■ DATA SHOWN ■
- - -

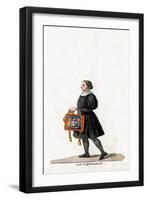 Lord Seal Keeper, Costume Design for Shakespeare's Play, Henry III, 19th Century-null-Framed Giclee Print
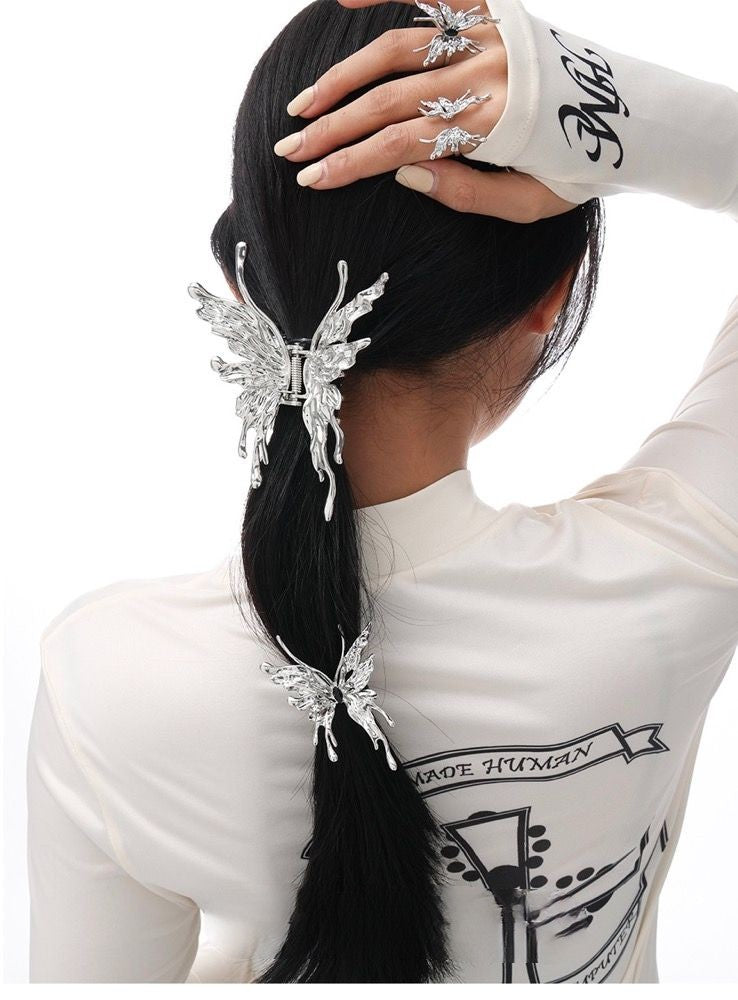 Biochemical Butterfly Series Upgraded Big Grab Hairdressing Hair Jewelry For Women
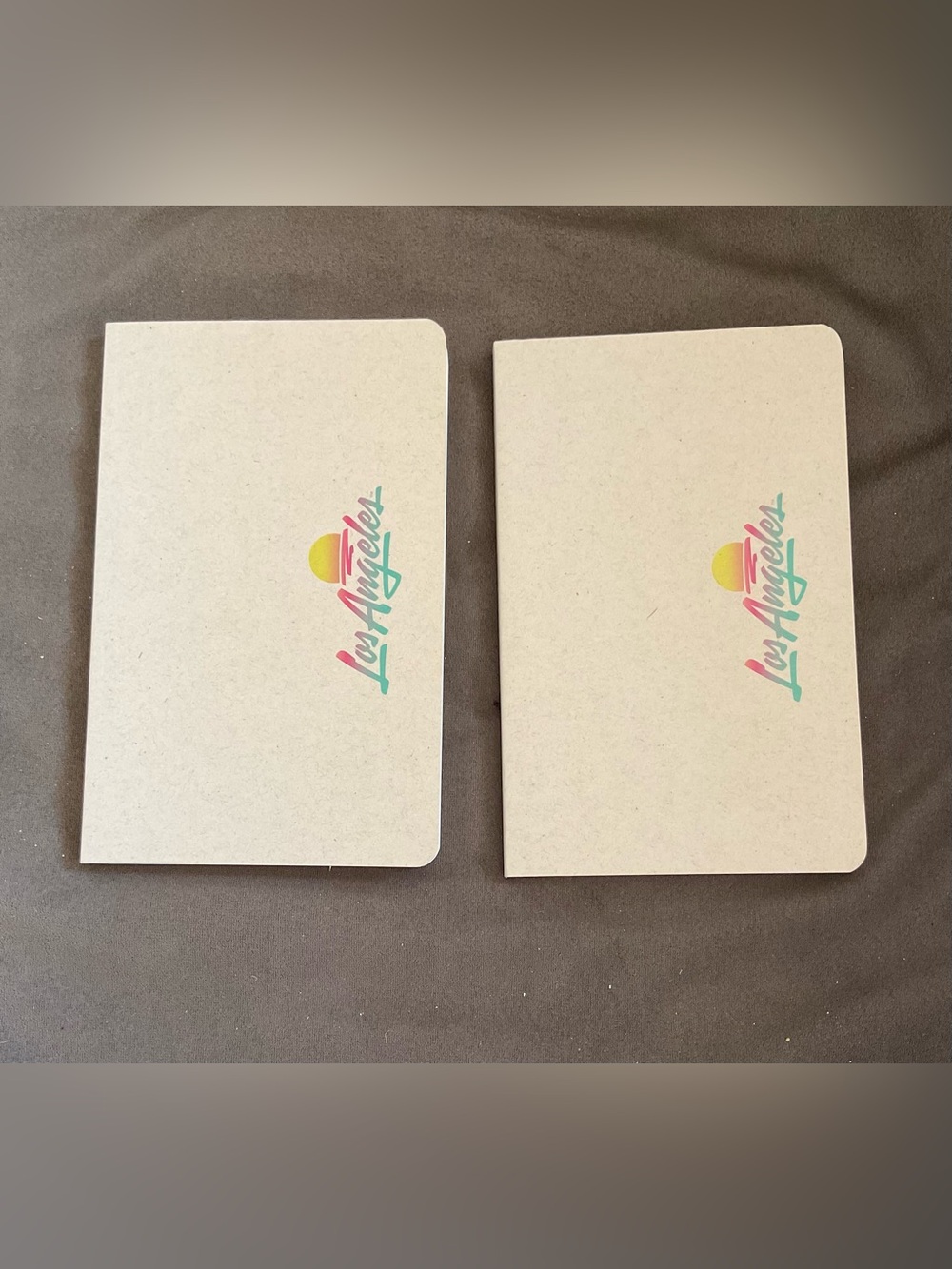 NWOT Los Angeles Beige Journal Notebook Set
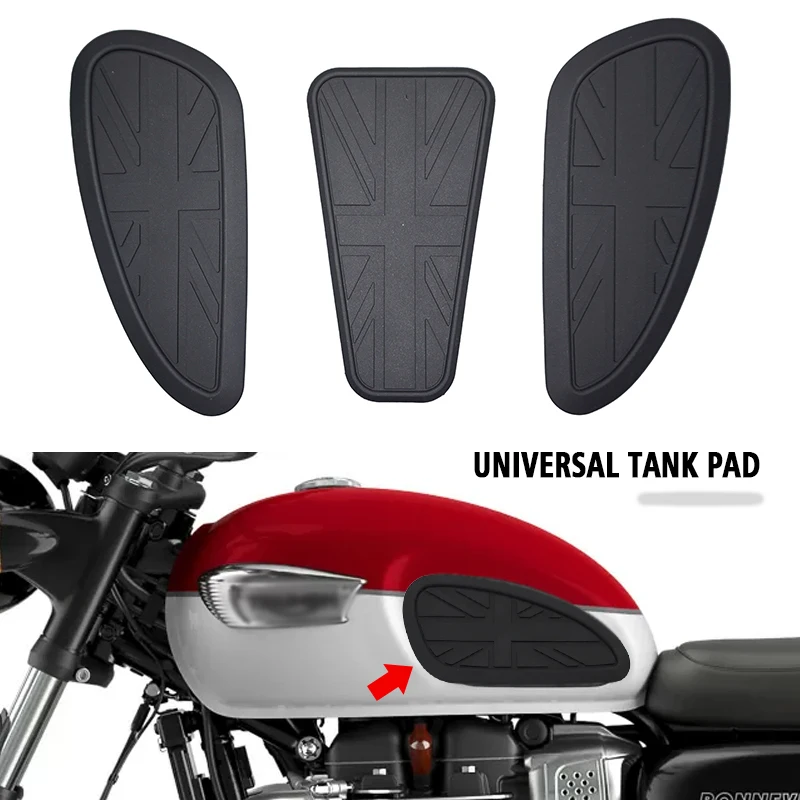 Universal Motorcycle Anti-slip Tank Pads Fuel Gas Knee Grip Traction Pads Protection Sticker Side Decal For Triumph T100 T120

- - -

Where the line containing "Biochemical Butterfly Series" appears, begin writing out the lines exactly, and continue through the end of the material above, omitting pictures.

 Biochemical Butterfly Series Upgraded Big Grab Hairdressing Hair Jewelry For Women
 NWOT Los Angeles Beige Journal Notebook Set
 Universal Motorcycle Anti-slip Tank Pads Fuel Gas Knee Grip Traction Pads Protection Sticker Side Decal For Triumph T100 T120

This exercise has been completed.